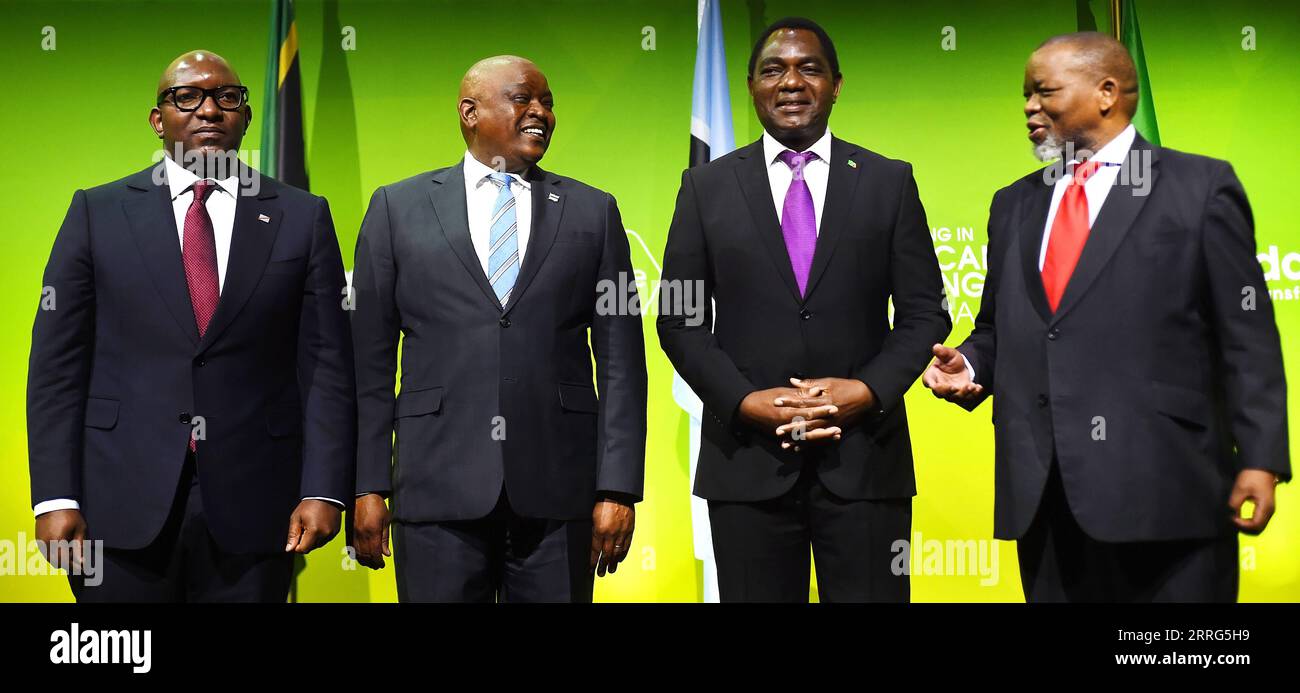 220509 -- CITTÀ DEL CAPO, 9 maggio 2022 -- Ministro sudafricano delle risorse minerarie ed energetiche Gwede Mantashe, Presidente dello Zambia Hakainde Hichilema, il presidente del Botswanan Mokgweetsi Masisi e il primo ministro della Repubblica Democratica del Congo Jean-Michel Sama Lukonde di R to L posano per una foto di gruppo durante l'investimento in African Mining Indaba a città del Capo, in Sudafrica, il 9 maggio 2022. I principali paesi minerari africani lunedì hanno evidenziato le grandi potenzialità e prospettive del settore minerario africano nei metalli verdi e in altri minerali, mentre si aspettano che gli investimenti nel settore portino maggiori benefici alla comunità locale Foto Stock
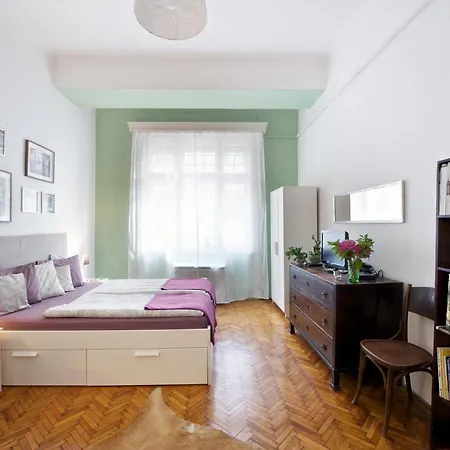 Door Family Apartment *
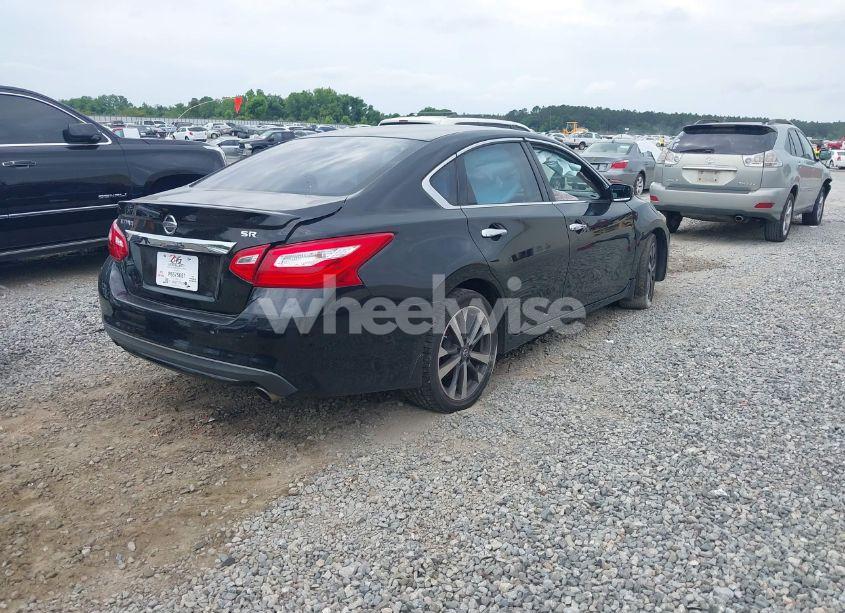 Photo 4 of 2016 Nissan Altima 2.5 SR (VIN 1N4AL3AP5GC200847)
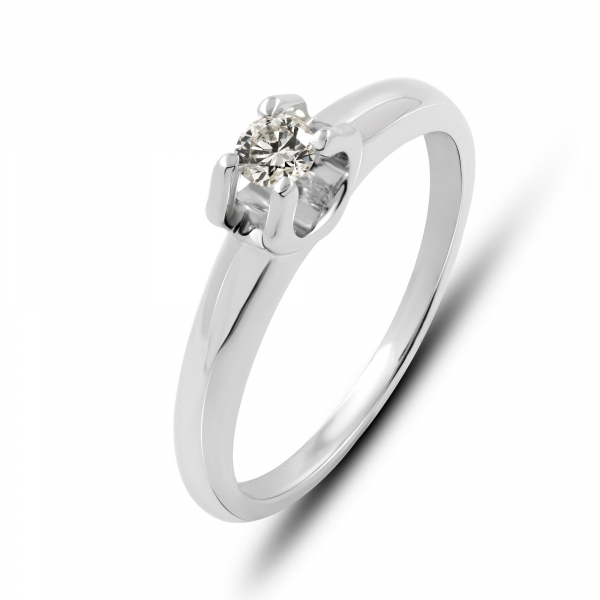 White Gold Ring With Diamond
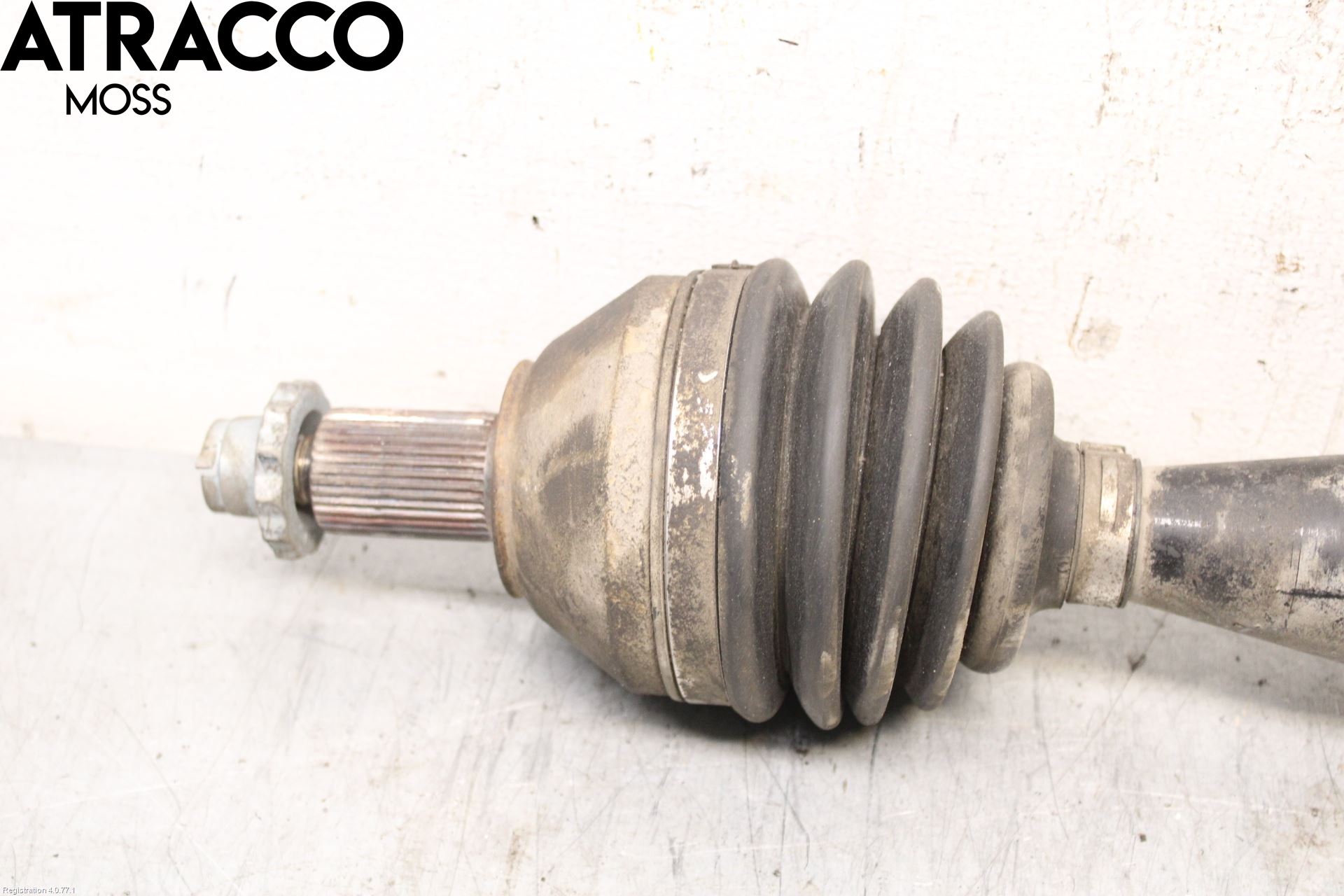 Skoda RAPID Drivaksel Foran Kompl Venstre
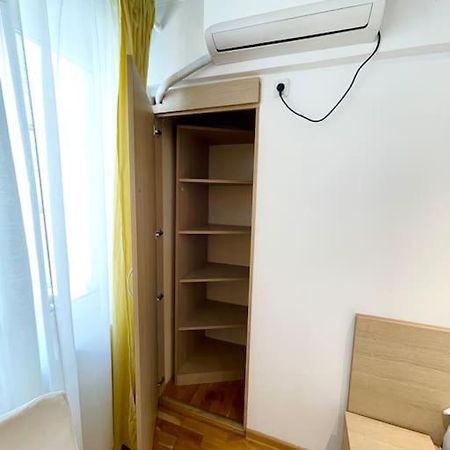 Boutique Apartment In The Bucharest City Center Bagian luar foto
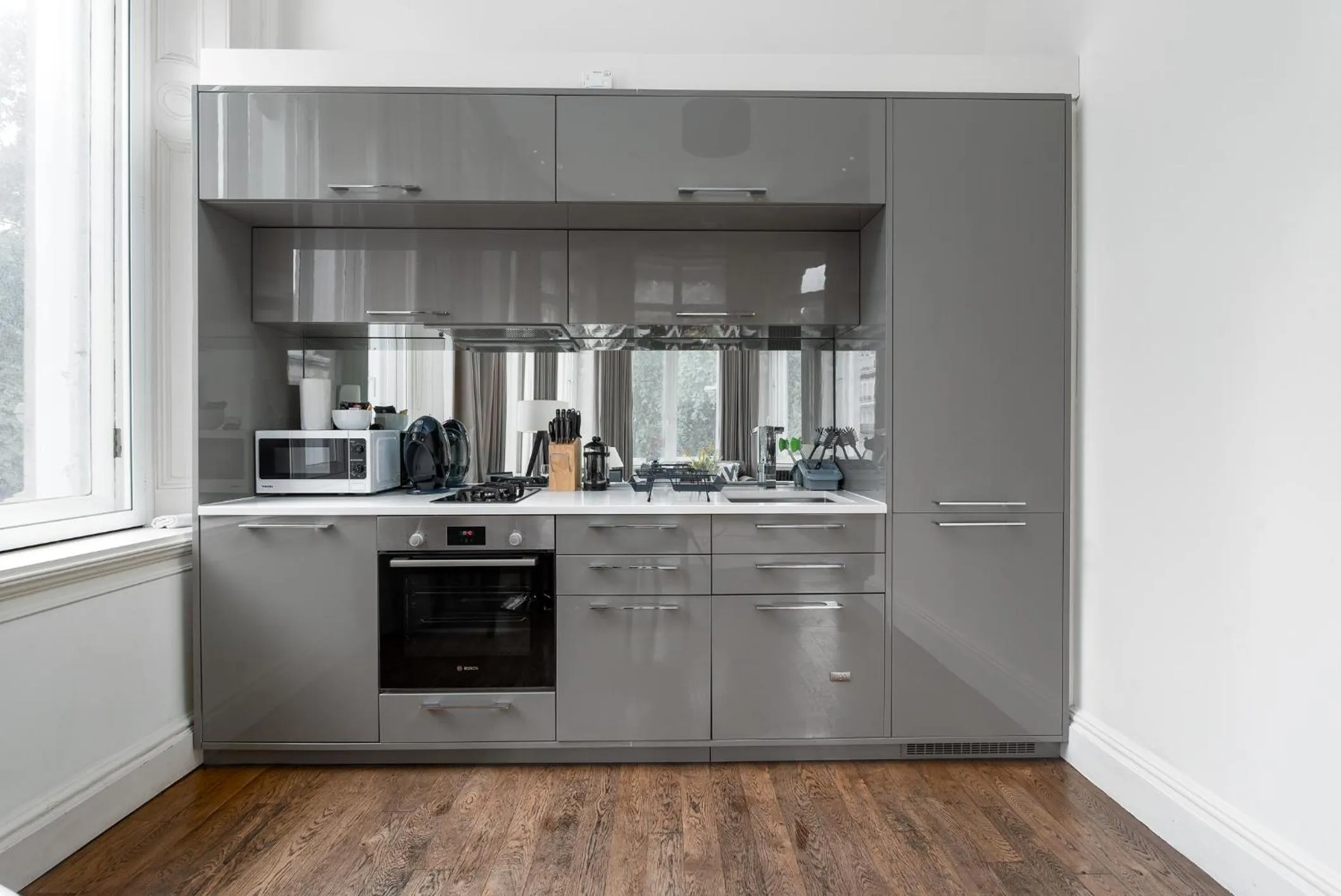 Coffee/tea facilities in Grosvenor Gardens by CAPITAL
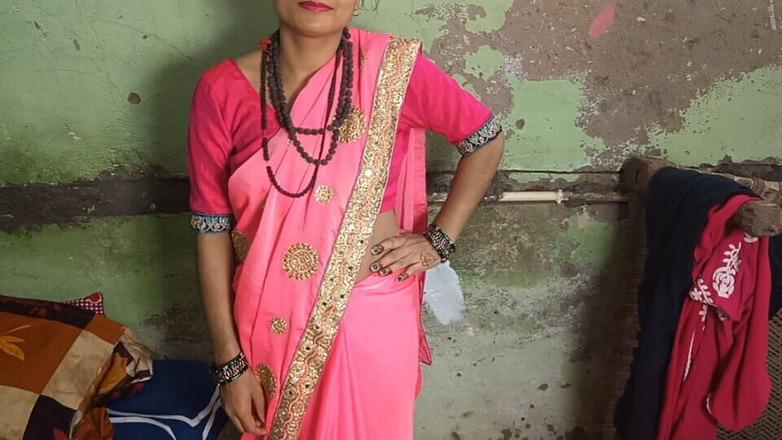 tannu: Manželka kněze byla tvrdě ošukána jejím Učitelem poté, co ji...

┄┄┄┄┄┄

**WHAT IS NEEDED**. I need the lines from the line holding "Coffee/tea facilities in" through the end of the material, inclusive, restated word for word and without pictures.

**TASK RESULT**.
 Coffee/tea facilities in Grosvenor Gardens by CAPITAL
 tannu: Manželka kněze byla tvrdě ošukána jejím Učitelem poté, co ji...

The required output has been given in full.